Opinião partilhada por Filinto Lima, presidente Associação Nacional de Diretores de Agrupamentos de Escolas Públicas (ANDAEP), para quem "a questão de fundo é mais profunda do que a alegada diferença das notas internas entre os alunos do público e do privado" no contexto do acesso ao ensino superior. "Devemos debater de uma vez por todas o modelo de acesso. Este modelo torna subserviente o ensino secundário em relação ao superior. É um secundário feito para obter uma nota de acesso, e isso é redutor. Trata-se de um ensino para o marranço e o grande objetivo é obter a melhor nota no exame nacional. Temos de discutir este problema de forma aberta, pois os três anos do secundário são anos quase perdidos em que os alunos já sabem que só conta a obtenção de uma média. É um enorme constrangimento para os alunos e para um ensino que devia ir mais além da preocupação pela décima", afirma.
O presidente da ANDAEP pede diálogo para rever este modelo "entre o Ministério da Educação (ME) e os reitores das universidades. "O trabalho todo é feito por nós, no ensino secundário, e as universidades só abrem as portas. É isto que temos de discutir. Este problema também deveria ser um objetivo do atual ministro. O atual ministro deve promover esse debate", conclui.
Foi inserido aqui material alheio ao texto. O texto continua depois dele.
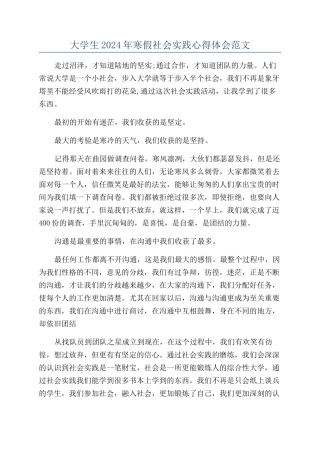 大学生2024年寒假社会实践心得体会范文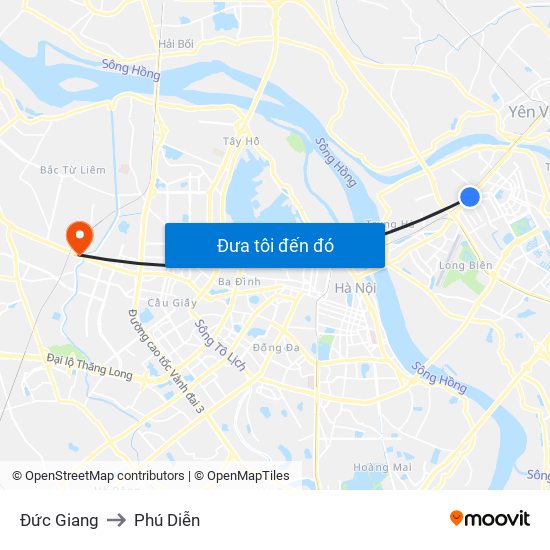Đức Giang to Phú Diễn map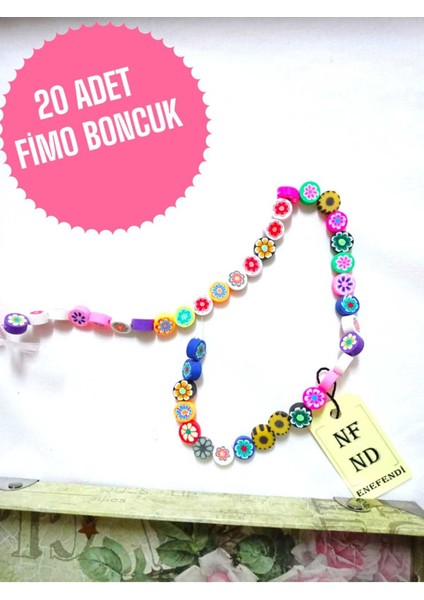 20 Adet Fimo Boncuk Karışık Renkte Hediye Bileklik Takı Aparatı Delikli 1cm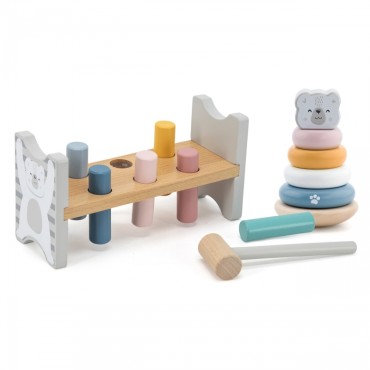 VIGA PolarB Medinė piramidė + Punch su plaktuku Baltasis lokys Montessori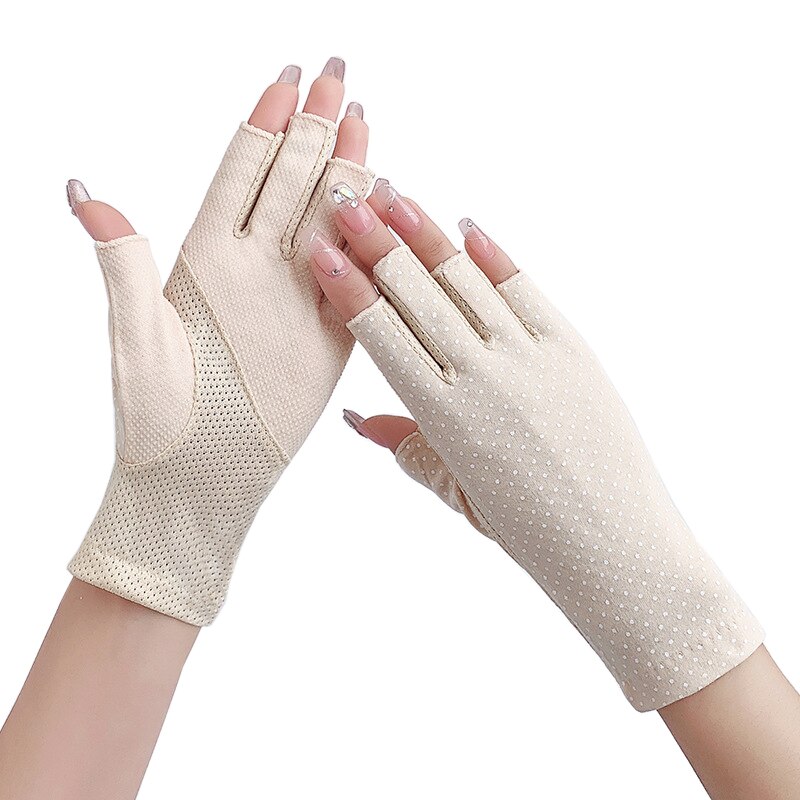Guantes finos de algodón sin dedos para mujer, antideslizantes, transpirables, protectores solares, elásticos, de medio dedo para conducir, Verano: Beige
Os exames nacionais do secundário mantêm-se só para acesso ao superior. As provas do 11.º e 12.º anos terão as condições excecionais aplicadas nos dois últimos anos letivos. Os alunos podem ir a exame só às disciplinas para melhoria de nota ou utilizá-las como prova de ingresso no ensino superior.
Habitualmente, a realização destes exames seria obrigatória e a nota obtida era contabilizada da classificação final à respetiva disciplina.
A CNIPE (Confederação Nacional Independente de Pais e Encarregados de Educação) vai mais além e quer, no imediato, que "todos os alunos tenham acesso ao ensino superior". Nestes anos de grandes constrangimentos por causa da pandemia, qualquer aluno deveria poder prosseguir estudos, independentemente das médias. Queremos que ninguém seja sacrificado", explica Rui Martins, presidente da CNIPE. Para o responsável, deve ser feita "uma reforma significativa no modelo de acesso ao ensino superior e, nesta situação de pandemia, com efeitos imediatos".